Try it -
Below are the records; extract from them the line containing "Something that often" to the line containing "Finally, you can", both lines included, exactly and with no pictures.
The input START
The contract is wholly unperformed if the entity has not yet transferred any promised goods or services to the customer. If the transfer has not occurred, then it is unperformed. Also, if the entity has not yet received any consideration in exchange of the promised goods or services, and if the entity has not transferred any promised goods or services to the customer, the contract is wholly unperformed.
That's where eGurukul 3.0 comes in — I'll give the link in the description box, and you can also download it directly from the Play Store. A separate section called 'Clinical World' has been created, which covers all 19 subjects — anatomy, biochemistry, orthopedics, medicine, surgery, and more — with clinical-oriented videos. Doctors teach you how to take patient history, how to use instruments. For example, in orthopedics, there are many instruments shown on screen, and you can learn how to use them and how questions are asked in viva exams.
The input END
The input START
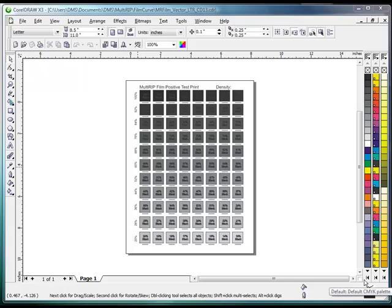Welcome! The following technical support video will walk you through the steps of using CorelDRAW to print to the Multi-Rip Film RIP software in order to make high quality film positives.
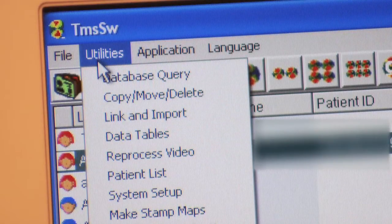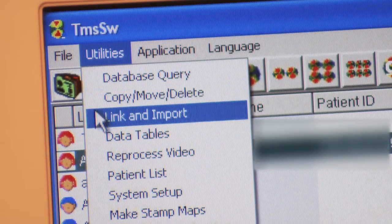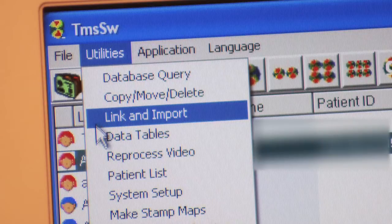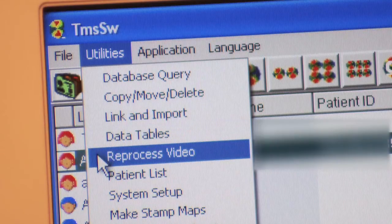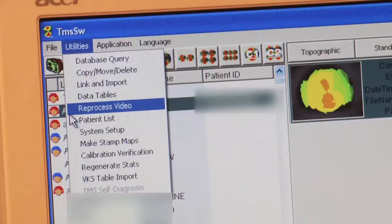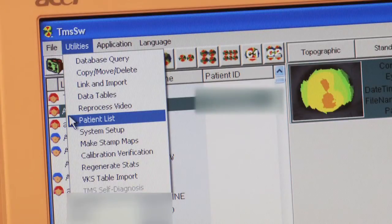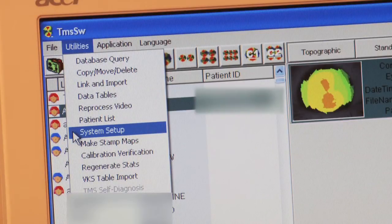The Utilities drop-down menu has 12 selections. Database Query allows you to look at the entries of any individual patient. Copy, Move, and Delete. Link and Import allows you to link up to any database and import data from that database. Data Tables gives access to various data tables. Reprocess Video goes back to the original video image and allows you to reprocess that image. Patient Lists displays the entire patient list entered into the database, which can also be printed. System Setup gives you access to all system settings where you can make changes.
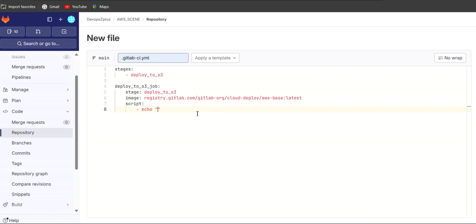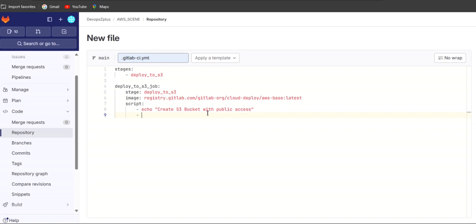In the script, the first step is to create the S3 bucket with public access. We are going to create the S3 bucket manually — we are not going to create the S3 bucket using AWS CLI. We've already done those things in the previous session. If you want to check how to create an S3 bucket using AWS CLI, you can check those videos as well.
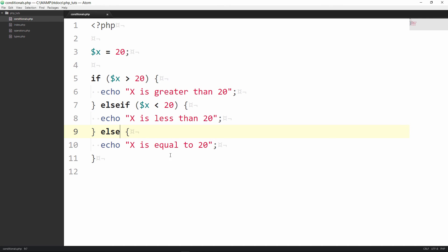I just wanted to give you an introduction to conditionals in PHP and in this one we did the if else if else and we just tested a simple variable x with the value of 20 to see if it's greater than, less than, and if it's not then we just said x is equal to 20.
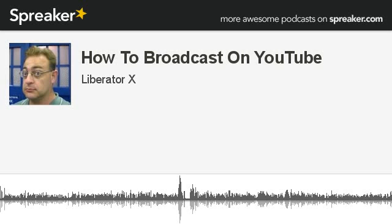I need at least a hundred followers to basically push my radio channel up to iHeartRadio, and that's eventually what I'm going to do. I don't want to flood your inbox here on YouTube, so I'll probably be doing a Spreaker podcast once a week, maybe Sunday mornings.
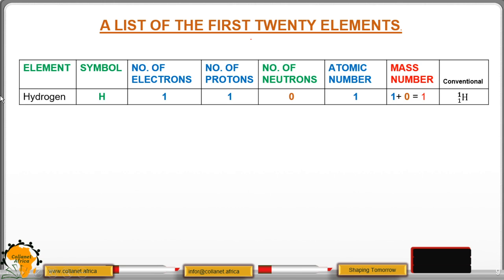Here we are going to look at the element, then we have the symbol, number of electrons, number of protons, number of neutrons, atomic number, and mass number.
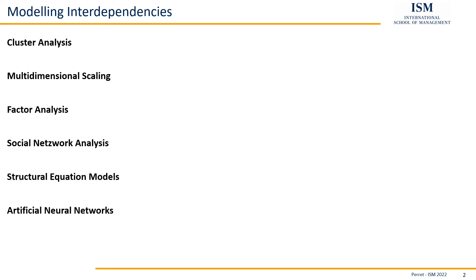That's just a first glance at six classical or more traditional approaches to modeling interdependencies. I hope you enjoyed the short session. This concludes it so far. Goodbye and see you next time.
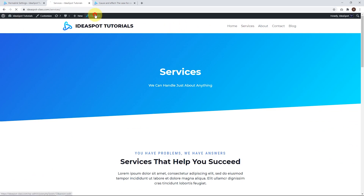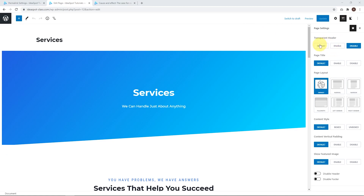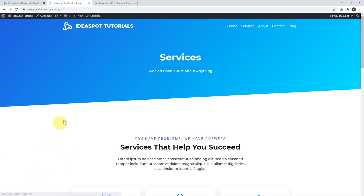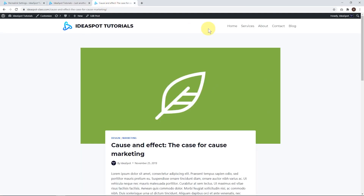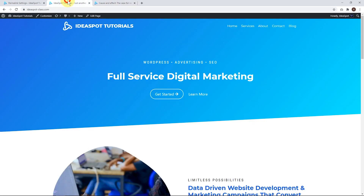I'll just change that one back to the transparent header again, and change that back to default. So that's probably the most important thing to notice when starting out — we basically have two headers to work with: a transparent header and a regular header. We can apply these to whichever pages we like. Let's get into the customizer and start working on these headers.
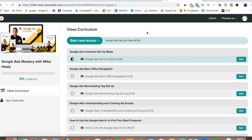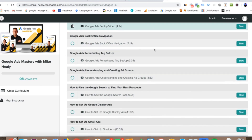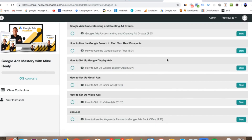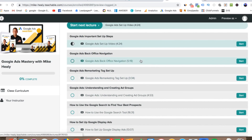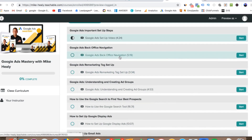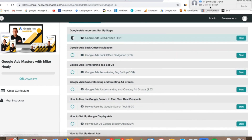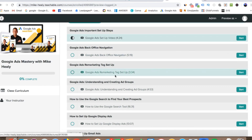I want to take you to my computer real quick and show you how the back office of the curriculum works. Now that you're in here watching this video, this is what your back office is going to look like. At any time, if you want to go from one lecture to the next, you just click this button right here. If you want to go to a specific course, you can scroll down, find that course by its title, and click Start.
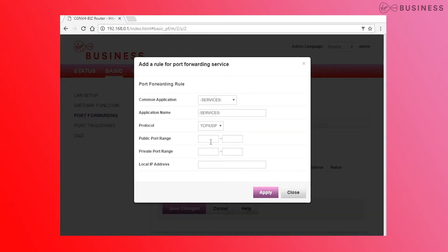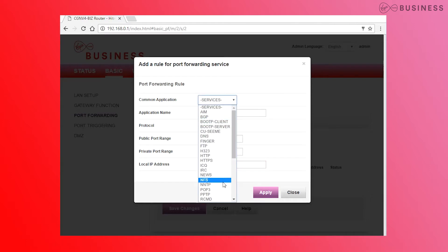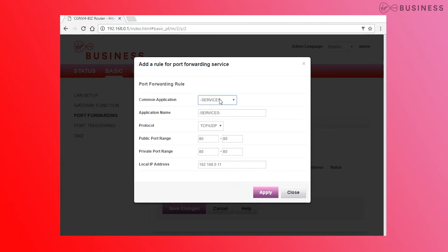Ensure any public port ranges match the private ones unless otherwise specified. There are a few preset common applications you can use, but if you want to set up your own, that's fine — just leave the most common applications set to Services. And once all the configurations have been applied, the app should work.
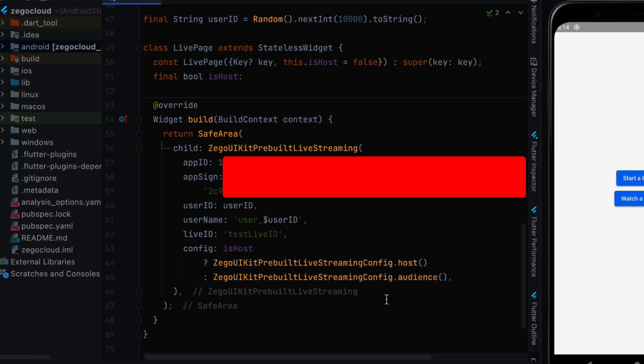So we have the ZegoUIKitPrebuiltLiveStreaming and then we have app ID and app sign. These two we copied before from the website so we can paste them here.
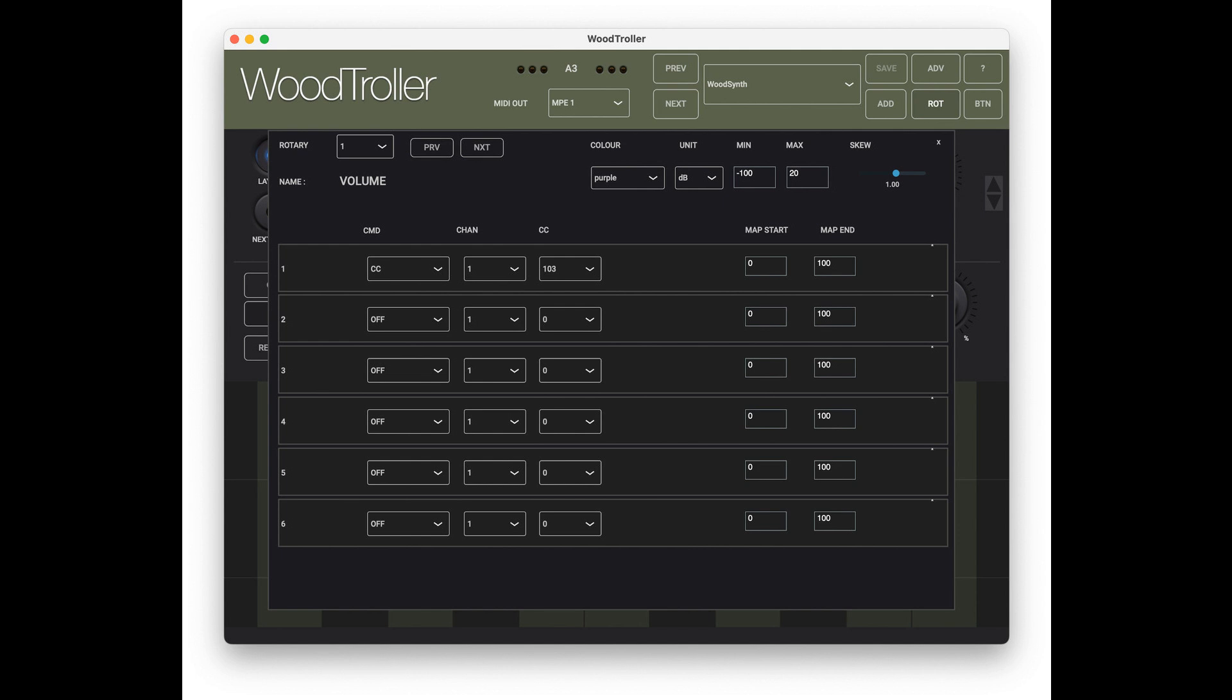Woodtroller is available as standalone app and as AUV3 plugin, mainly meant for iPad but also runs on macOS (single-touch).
The input END
The input START
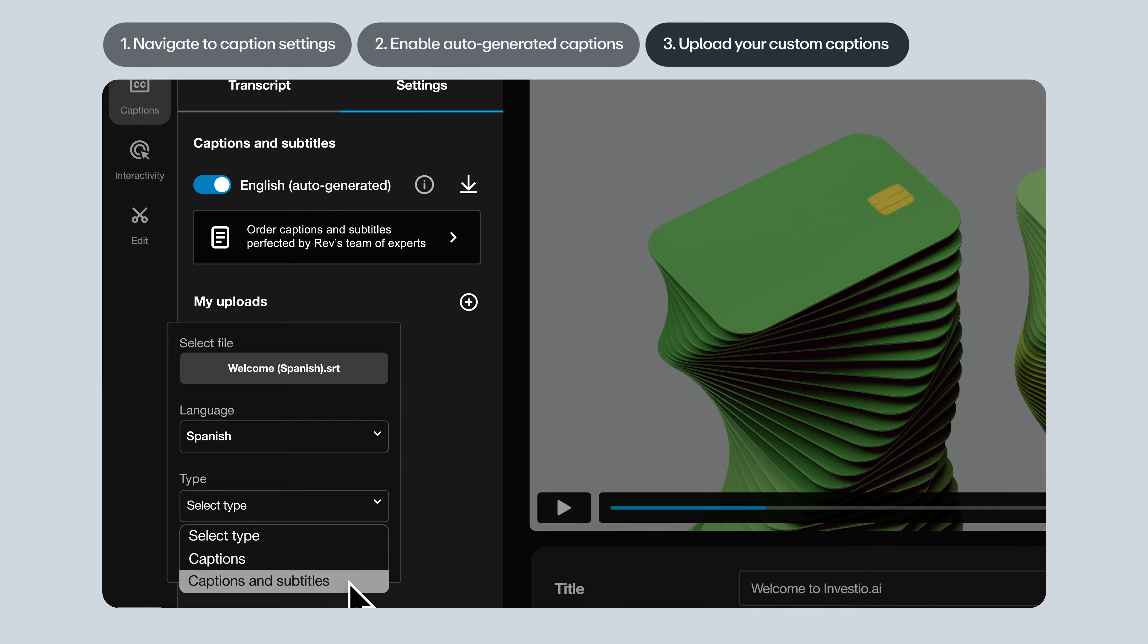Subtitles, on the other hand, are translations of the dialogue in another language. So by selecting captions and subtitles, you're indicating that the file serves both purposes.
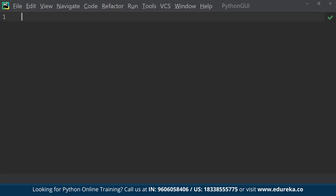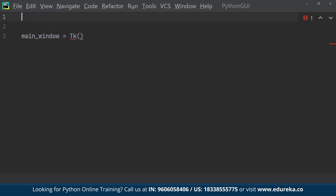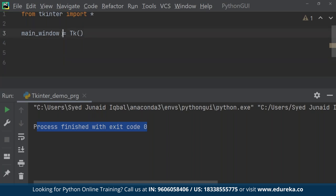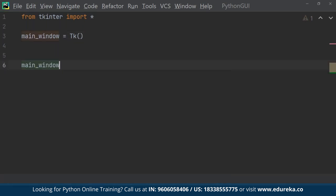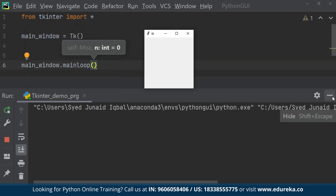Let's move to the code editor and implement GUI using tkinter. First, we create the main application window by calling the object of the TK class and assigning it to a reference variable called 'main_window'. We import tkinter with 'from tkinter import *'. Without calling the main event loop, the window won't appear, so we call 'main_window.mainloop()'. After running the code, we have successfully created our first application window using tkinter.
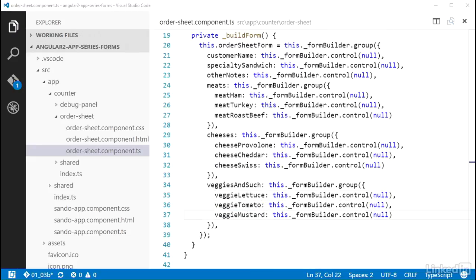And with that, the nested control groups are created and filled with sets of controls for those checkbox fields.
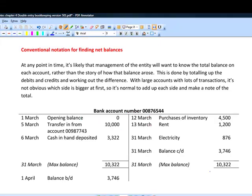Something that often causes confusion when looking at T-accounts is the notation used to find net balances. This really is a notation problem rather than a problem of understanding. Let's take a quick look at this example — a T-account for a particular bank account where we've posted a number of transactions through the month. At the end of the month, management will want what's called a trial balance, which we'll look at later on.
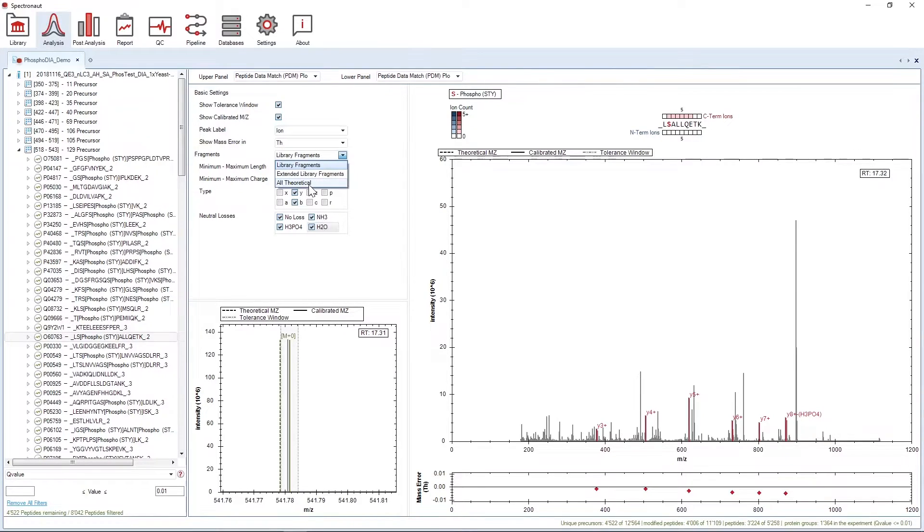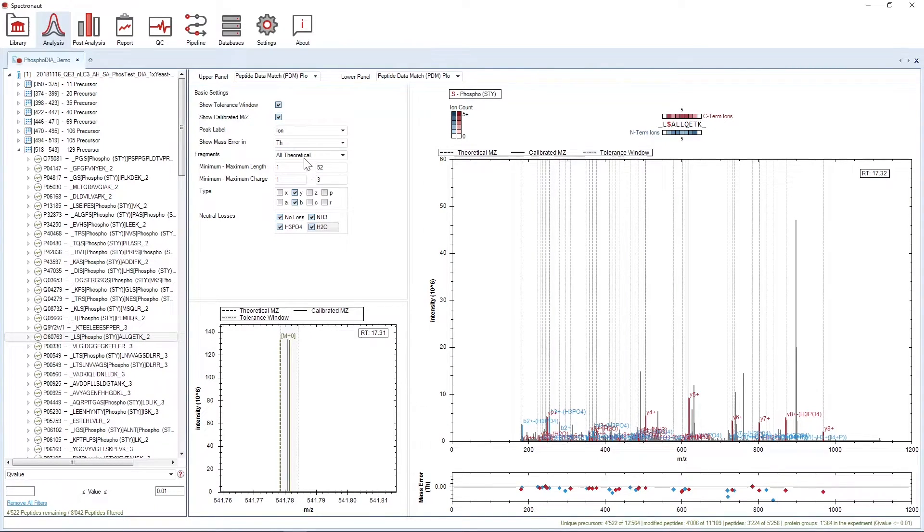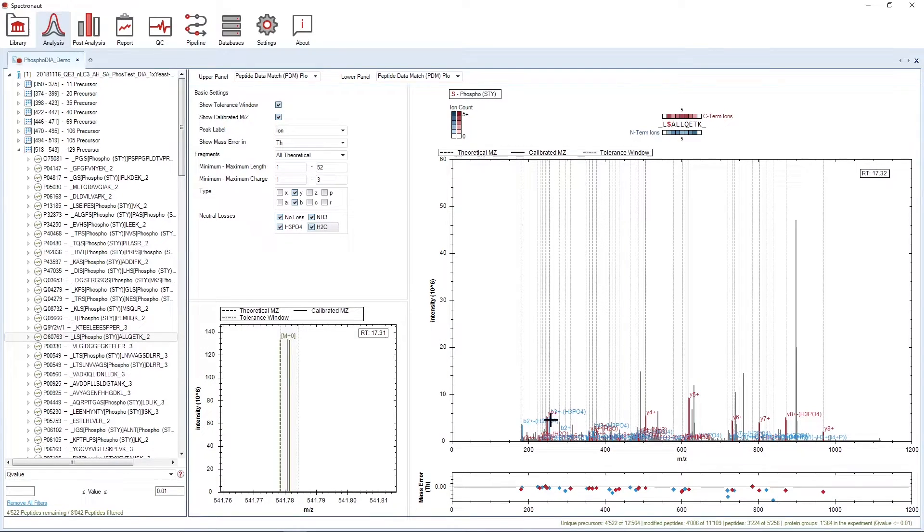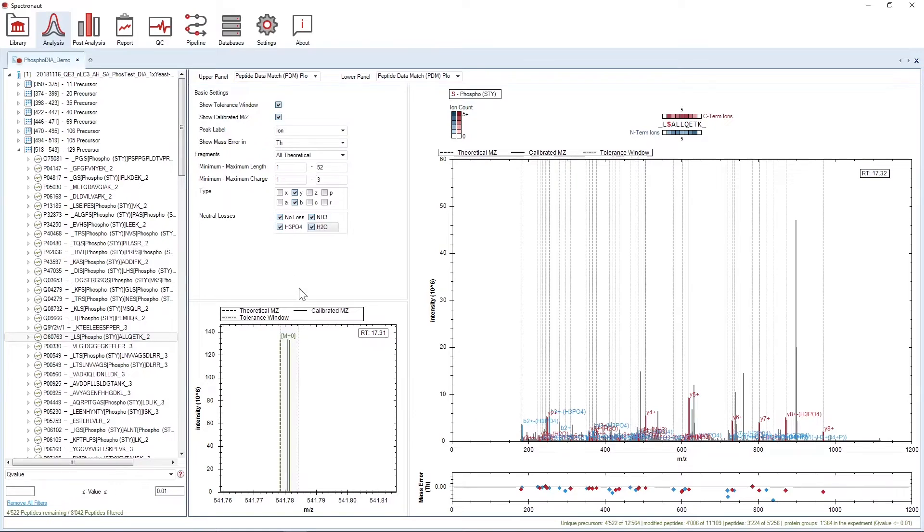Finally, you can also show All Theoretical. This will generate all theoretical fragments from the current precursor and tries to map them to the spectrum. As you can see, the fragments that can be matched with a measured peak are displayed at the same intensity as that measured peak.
The input END
Task answer -
Something that often causes confusion when looking at T-accounts is the notation used to find net balances. This really is a notation problem rather than a problem of understanding. Let's take a quick look at this example — a T-account for a particular bank account where we've posted a number of transactions through the month. At the end of the month, management will want what's called a trial balance, which we'll look at later on.
Finally, you can also show All Theoretical. This will generate all theoretical fragments from the current precursor and tries to map them to the spectrum. As you can see, the fragments that can be matched with a measured peak are displayed at the same intensity as that measured peak.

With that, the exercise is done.